= Pietru Pawl Saydon =

Maltese Roman Catholic priest and scholar of the Maltese language, translator

Mgr Pietru Pawl Saydon

Pietru Pawl Saydon (24 July 1895 – 22 March 1971), was a Roman Catholic priest and scholar of the Maltese language, other semitic languages and the Bible. He was President of the Maltese Language Society (Ghaqda tal-Malti) at the University of Malta. He is most noteworthy for his contributions to the Maltese language, and the translation of the Bible from the original Hebrew to Maltese.

== Early years ==

Saydon was born on 24 July 1895, in Żurrieq. He went to the local primary school, before enrolling in the national Seminary. In 1912 he took a preparatory course in Literature at the University of Malta, and qualified with B.Litt. at the age of 20. in 1919, he qualified with a degree in Canonical Law, and a subsequent Doctorate in Theology. Having come top of class, he was granted a Governmental scholarship to be able to continue his studies abroad. In 1919 he was also ordained as a priest, and the following year left for the Pontifical Biblical Institute in Rome, where he obtained a Licence in Holy Scriptures in 1923.

== Bible translation ==
Saydon began his translation of the Bible from Hebrew to Maltese in 1929. This was notable for the fact that he did this entirely on his own, where other translations were typically completed in teams. It took him 30 years to complete, publishing the first version in 1959. This cost Saydon more than just his time - he financed his endeavours himself.

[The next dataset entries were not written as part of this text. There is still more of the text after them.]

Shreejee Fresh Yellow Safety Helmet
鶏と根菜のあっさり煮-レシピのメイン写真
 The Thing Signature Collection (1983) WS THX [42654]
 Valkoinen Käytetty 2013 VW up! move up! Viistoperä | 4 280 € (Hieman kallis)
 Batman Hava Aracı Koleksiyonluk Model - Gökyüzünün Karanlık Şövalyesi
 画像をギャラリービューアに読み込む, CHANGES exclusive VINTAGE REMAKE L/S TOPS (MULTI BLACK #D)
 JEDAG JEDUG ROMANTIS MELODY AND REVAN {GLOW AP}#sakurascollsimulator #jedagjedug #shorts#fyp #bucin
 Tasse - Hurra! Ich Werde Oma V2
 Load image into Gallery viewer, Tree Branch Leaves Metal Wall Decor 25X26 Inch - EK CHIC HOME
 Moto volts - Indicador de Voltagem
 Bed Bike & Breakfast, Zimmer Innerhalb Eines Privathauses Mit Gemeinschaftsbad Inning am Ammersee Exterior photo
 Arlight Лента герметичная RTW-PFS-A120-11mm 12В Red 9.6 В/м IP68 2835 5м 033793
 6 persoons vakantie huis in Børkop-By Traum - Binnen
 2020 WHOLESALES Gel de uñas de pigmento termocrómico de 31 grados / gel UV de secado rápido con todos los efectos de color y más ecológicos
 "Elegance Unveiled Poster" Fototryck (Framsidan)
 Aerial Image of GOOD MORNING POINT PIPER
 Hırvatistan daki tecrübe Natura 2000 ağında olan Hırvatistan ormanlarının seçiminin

Saydon was appointed Professor of Holy Scripture at the University of Malta, and contributed actively to a number of international conferences and congresses. This introduced him to numerous biblical scholars worldwide, and exposed him to the tenets of Catholicism, Protestantism and Judaism. Between the years of 1932 and 1962 he attended no less than 17 different conferences across Europe. He was the founder of the Maltese Biblical Society, and awarded membership of the International Association of the Study of the Old Testament. He was also a member of the Society of Biblical Literature in the United States of America. He also provided commentaries for six books of the Old Testament in a Commentary published under the auspices of the Roman Catholic Church in England. This Catholic Commentary on Holy Scripture was published in London and Edinburgh in 1953.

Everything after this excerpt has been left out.